Millions of people in Vietnam, Papua New Guinea and across the Pacific lack access to treatment and testing for diseases such as HIV/AIDS, TB and malaria.

People are, today, experiencing extreme suffering, financial hardship and death due to these preventable and treatable diseases.

Some may ask how we can afford to look after our neighbours when our own health system is found wanting? The question really is, how can we afford not to? Insufficient action could be more costly than timely investment.

The Global Fund is a strategic solution for Australia and our neighbours. It is by no means, simply a feel good charity. Without strong investment there could be a resurgence of these diseases with potentially huge economic and social costs.

In an increasingly interconnected global community it makes sound political and economic sense to invest into the health systems and countries that feed into our own economy.

Furthermore, it is in Australia’s interests to protect our future health security. With flights in and out of every region of the world, air travel can enable infectious diseases to spread rapidly between countries and continents.

Evidence is mounting that such public/private partnership models are the most effective way to deliver global health. In fact, the Republic of Korea is an excellent example of the success of this model.

Through the improved health of their citizens and improvements in their health system they have progressed from being an aid recipient country to an aid-donor country.
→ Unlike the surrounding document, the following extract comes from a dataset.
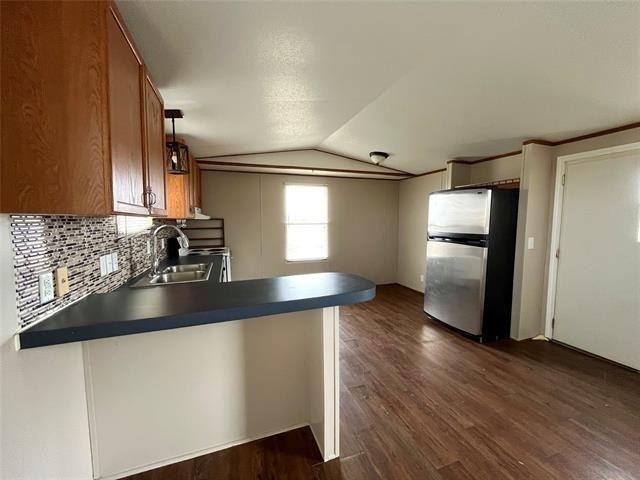 8082 Fm 697 - Photo 3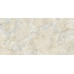 GFA114IND04R керамогранит sugar-эффект Indastrio 570*1140*8,5 (2 шт в уп/42.9 м в пал)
South Korea now financially contributes to the Global Fund and is an increasingly significant trading partner for Australia. Healthy, prosperous neighbours are good for our economy.

This September, the amount that Australia invests into the Global Fund will influence the degree to which the Global Fund reinvests into our region.

For every dollar Australia sows into the Global Fund, another $20 is ploughed into our regional health systems. There are not many investments where one is guaranteed a 20-fold return on the outlay. If that’s not a prudent investment then I don’t know what is.

This month there was another report of TB in northern Queensland, highlighting the need for screening and the risk of a multi-drug resistant disease becoming established in Australia.

Resurgence of previously diminishing diseases and spread to our own backyard are only a complacent attitude away. Through this year’s Canberra Times Fun Run, we are seeking to raise awareness that it is possible to end the epidemics of AIDS, TB and Malaria.

Fifteen years ago there were but a handful of people in the world who thought this was possible. Now it is incorporated into the United Nations Global Goals for Sustainable Development and Australia has pledged to play its role in achieving this.

It is vital that the Australian government pledges a strong and fair contribution, investing into the health systems, human capital and economies of our region.

Canada is pledging more than $600 million to the Global Fund Replenishment this September. What will we do? Australia’s fair share as a global citizen is $300 million over the next three years, that is $100 million per year.

Ros Lindsey has a Masters in Public Health and is a volunteer for RESULTS Canberra, a non-partisan, not-for profit organisation generating the public and political will to end poverty.